[Information]
+ + + + + + +

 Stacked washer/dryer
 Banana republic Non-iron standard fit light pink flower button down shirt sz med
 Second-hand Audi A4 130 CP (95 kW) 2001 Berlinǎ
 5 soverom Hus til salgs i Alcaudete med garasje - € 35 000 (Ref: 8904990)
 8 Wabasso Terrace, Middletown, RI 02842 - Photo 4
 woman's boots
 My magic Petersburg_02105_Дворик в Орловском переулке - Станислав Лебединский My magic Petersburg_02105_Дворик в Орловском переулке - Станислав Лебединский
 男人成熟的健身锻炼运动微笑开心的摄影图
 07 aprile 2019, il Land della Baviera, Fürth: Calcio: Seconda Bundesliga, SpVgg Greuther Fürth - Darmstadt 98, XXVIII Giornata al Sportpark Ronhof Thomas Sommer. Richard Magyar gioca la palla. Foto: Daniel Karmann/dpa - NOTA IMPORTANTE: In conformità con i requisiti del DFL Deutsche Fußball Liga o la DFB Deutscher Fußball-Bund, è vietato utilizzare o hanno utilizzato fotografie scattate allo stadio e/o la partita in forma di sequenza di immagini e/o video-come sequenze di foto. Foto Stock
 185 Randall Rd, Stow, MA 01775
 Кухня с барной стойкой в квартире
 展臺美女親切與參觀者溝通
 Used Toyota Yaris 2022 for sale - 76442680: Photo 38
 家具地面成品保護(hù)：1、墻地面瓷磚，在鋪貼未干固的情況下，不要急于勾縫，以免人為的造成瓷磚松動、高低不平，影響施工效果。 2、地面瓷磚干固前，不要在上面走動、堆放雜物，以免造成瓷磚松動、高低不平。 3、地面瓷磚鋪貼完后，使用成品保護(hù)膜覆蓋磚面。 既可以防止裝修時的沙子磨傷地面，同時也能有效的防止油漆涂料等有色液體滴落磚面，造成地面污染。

+ + + + + + +

[Aim of the exercise] Checking each line above, count the ones that hold the word "Photo" and state the total alone.

[Solution to the exercise] 2